■ **Directions**
All lines below between the line with "Bold outline uppercase" and the line with "Danxen Uomo Maglia", including both, must be copied exactly, and the pictures must be omitted.
Extracted records Block Start
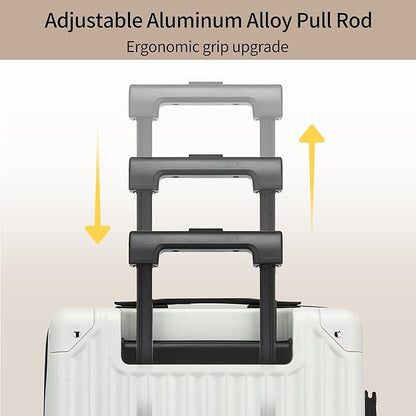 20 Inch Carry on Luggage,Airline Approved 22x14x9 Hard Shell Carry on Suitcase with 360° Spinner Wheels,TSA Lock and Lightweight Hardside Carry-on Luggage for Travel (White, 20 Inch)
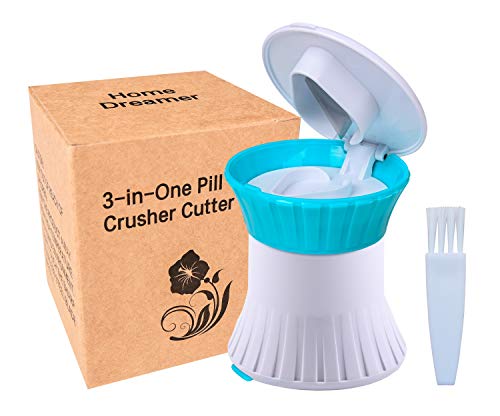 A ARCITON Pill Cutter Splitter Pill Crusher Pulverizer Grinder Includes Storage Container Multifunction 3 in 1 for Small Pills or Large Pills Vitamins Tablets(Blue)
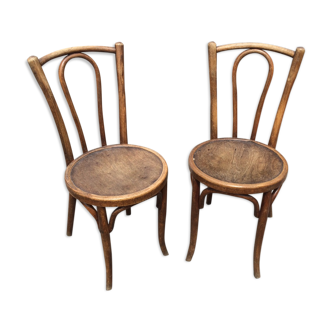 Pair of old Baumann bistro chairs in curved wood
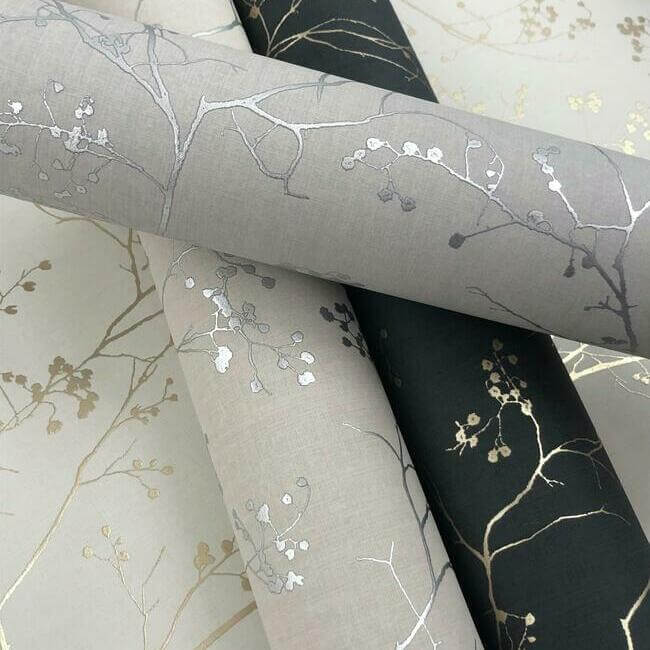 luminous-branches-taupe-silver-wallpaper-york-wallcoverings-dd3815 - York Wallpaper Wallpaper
Extracted records Block End
Extracted records Block Start
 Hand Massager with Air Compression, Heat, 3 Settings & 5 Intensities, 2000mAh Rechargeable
Extracted records Block End
Extracted records Block Start
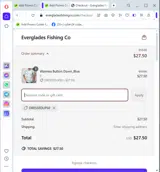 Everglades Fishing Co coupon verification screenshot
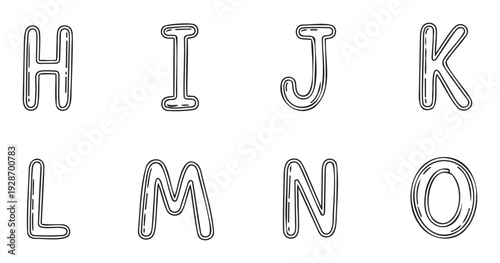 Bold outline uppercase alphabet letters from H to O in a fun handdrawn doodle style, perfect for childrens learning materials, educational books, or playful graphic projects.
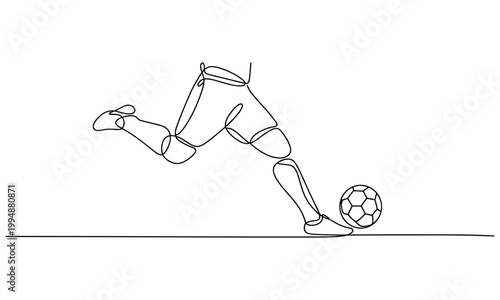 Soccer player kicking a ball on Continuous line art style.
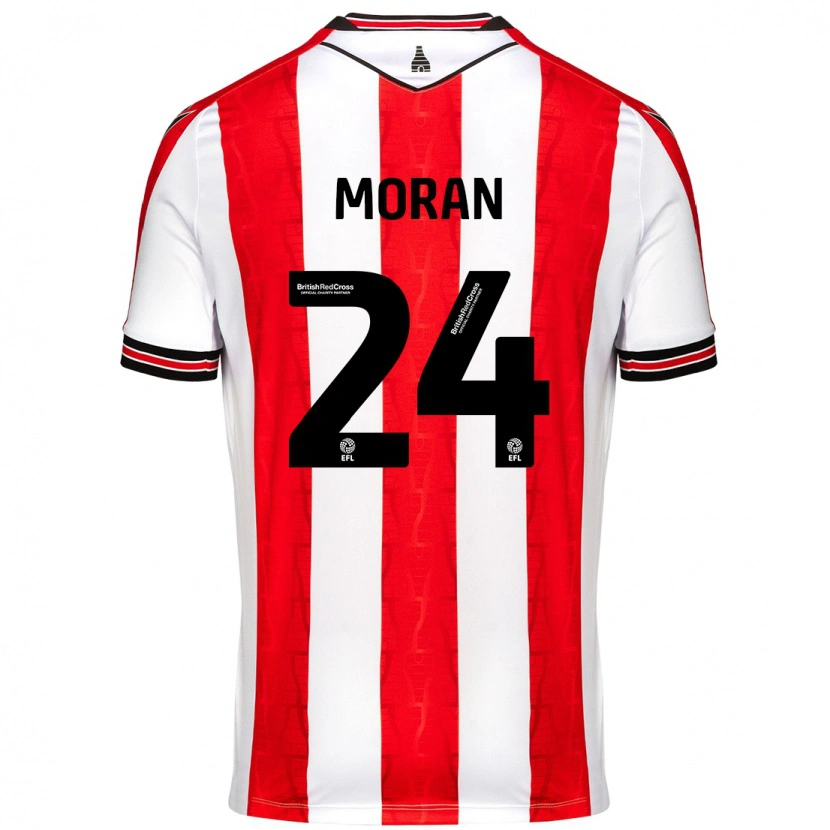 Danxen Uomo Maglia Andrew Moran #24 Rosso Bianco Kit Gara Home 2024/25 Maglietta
Extracted records Block End
■ **Response for this exercise**
 Bold outline uppercase alphabet letters from H to O in a fun handdrawn doodle style, perfect for childrens learning materials, educational books, or playful graphic projects.
 Soccer player kicking a ball on Continuous line art style.
 Danxen Uomo Maglia Andrew Moran #24 Rosso Bianco Kit Gara Home 2024/25 Maglietta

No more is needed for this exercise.